La Conquete de l’Iraq

Après la mort de Muhammad en 632, des tribues de la péninsule arabique attaquent Medine et Oman, car elles refusent de payer la zakat, qui redistribue l’argent vers les pauvres. Abu Bakr dirige la défense de Médine puis la reconquête de la péninsule, qui se convertit ou retourne dans l’Islam. Ce sont les guerres de l’apostasie (haroub al ridda). Lors de la bataille de Yamama, la dernière égion, au nord de l’arabie, un nombre important de qurra’, les mémorisateurs et réciteurs du Coran, va mourrir au combat. Ce qui va pousser Abu Bakr à compléter rapidement la compilation du Coran par écrit pour assurer la continuité de sa mémorisation. Pour comprendre ce danger, il faut savori que depuis le début de la prédication de Muhammad opposé aux riches marchands de La Mecque, l’Islam a toujours été une religion menacée, fuyant et combattant pour assurer sa survier. Créant ainsi un groupe solidaire dont beaucoup sont à la fois des savants et combattants, ce qui semble définir les qurra’. En 636 Omar, qui a succédé à Abu Bakr, va étendre L’Islam vers la Syrie et l’Iraq en remportant les bataille de Yarmouk (Syrie) et Qadysshia (Iraq). Et libèrer l’Iraq du règne des Perses Sassanides.

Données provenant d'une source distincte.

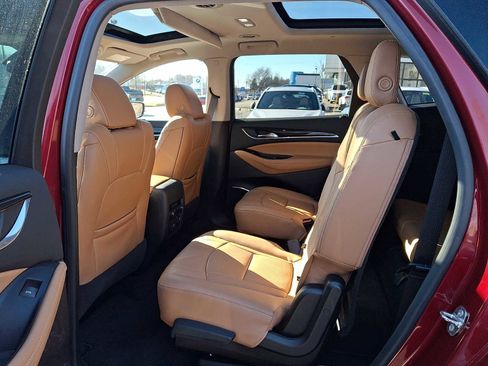 Used 2018 Buick Enclave Essence w/ LPO, Hit The Road Package image 10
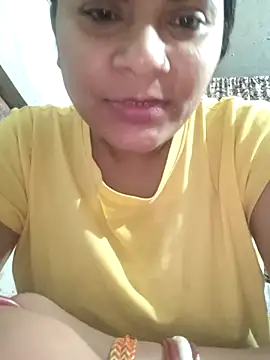 couple 71 online show from April 25, 6:05 pm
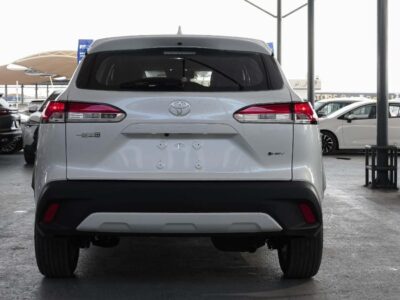 2026 Toyota Corolla Cross GLI 2.0 Litres 4 Cylinders Hybrid Engine White Black SUV Chinese Specs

L’armée qui conquiert l’Iraq est composée de combattants musulmans ayant participés à la conquête de Syrie (bataille de Yarmouk en Syrie), de combattants médinois, ainsi que d’un nombre important de bédouins issues des tribues arabes fraichement reconquises. Les combattants ayant participé à cette bataille (ou celle de Yarmouk concomitente en Syrie) seront distingués de ceux parmi les arabes qui rejoindront après. En effet, la date d’entrée dans l’Islam marque dans l’esprit collectif le degré d’adhésion au projet de l’Islam. Ils seront appellés “ahl al-ayyam”, à l’opposé des “ridda”, rejoignant après la bataille, et venus de tribues souvent plus renommées, mais qui se sont révoltés pendant les guerres de l’apostasie.

L’afflux d’argent permet à Omar d’établir un état social dans toutes les terres conquises, particulièrement en Irak et en Egypte, la Syrie restant gérée principalement par les Quraysh, qui deviendront les Omeyyades.

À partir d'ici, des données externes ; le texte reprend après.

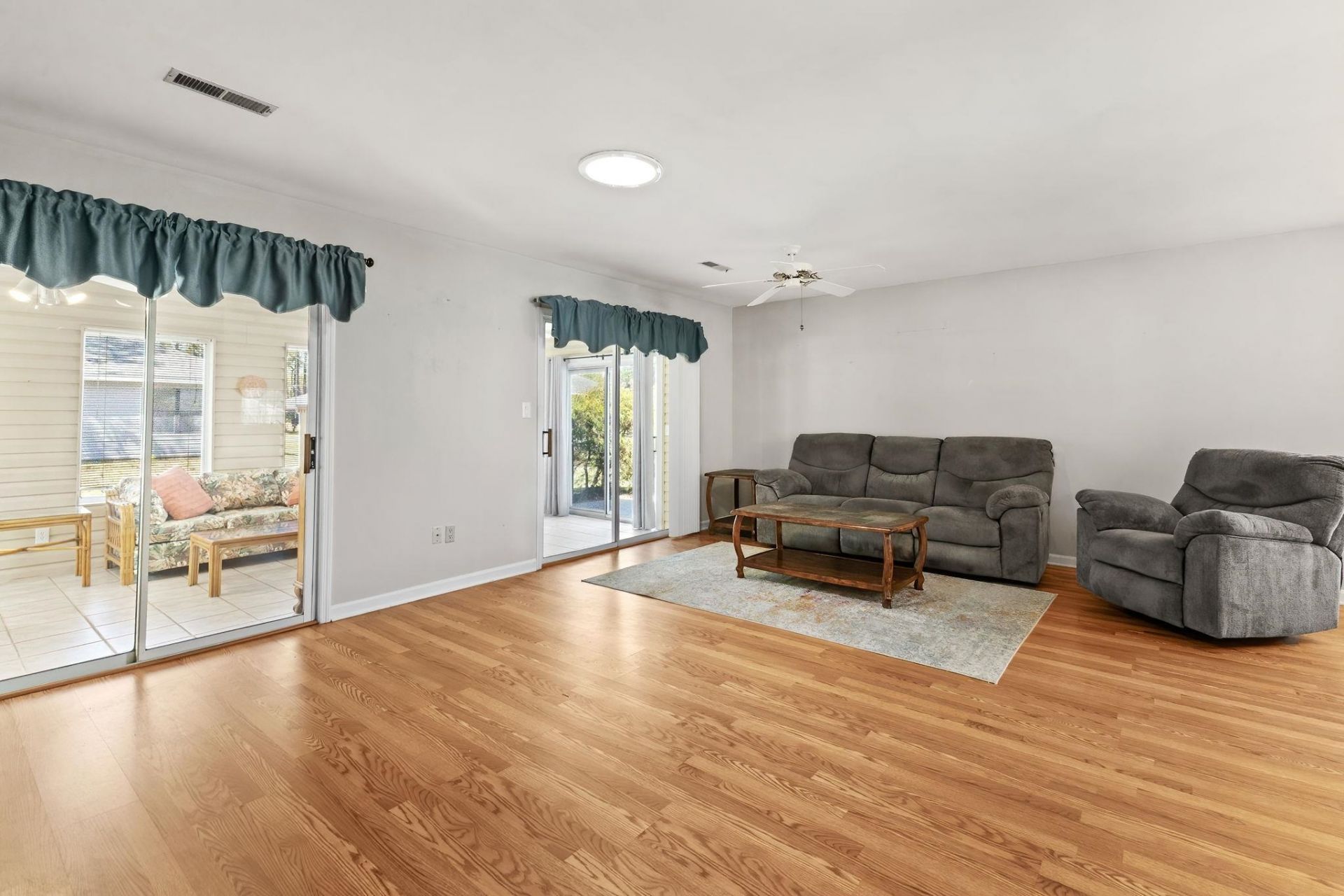 6524 White Heron Crescent Photo 9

  • en plus de la zakat, établissement de l’impot sur les terres conquises : kharaj impot foncié sur les terres, jyzaya par personne sur les nons musulmans
  • les plus pauvres ne sont pas soumis à l’impots qui reçoivent une aide prise sur le trésor
  • redistribution de l’impot sur les musulmans selon leur date d’entrée dans l’Islam. Ceux qui ont émmigrés à Médines et les Ansars touchent respectivement 5.000 à 3,000 dirhams par ans. Ceux qui ont participé Yarmouk ou Qaddyshia, (‘’ahl al-Qādisiyyah’’) 3000 et 2000 respectivement. Selon le moment de leur arrivée, les ridda touchent de 1500 à 250.
  • enfin, en Iraq dont l’arsitocratie a fuit a fuit, la oummah gère collectivement les terres

Omar écide de fonder deux Amsars, Kufa et Basra, villes garnisons qui abriteront les combattants de l’Islam nouvellement arrivés. Le Sawad, les terres d’Iraq, vont être considérés comme un bien collectif administré par les habitants des amsars, ahl al fay. Omar va lancer des travaux d’irrigations autour du Tigre et de la ville de Basra, pour augmenter les terres fertiles. Ceux qui les cultivaient, libérés des Sassanides, continuent à les exploiter en échange d’une taxe (dhimmmi). Les terres en friches sont attribuées à ceux qui se chargent de les défricher et les cultiver. Les terres abandonnée par la famille royale, l’aristocratie perse er le clergé zoroastrien, sont sont données en responsabilité à ahl al fay. La population de Kufa fût ensuite formée d’immigrants arabes venant soit de la région de La Mecque, soit du sud de l’Arabie, d’Hadramaout et du Yémen (le quartier des najranites est formée de personne exilées de Najran). Omar, qui donna des terres de juifs arabes à ses guerriers, reloclisa les juifs de Khaybar dans un quartier de Koufa en 640. Des juifs, mais aussi des chrétiens habitaient la ville. Les éxilés politiques y étaient aussi envoyés.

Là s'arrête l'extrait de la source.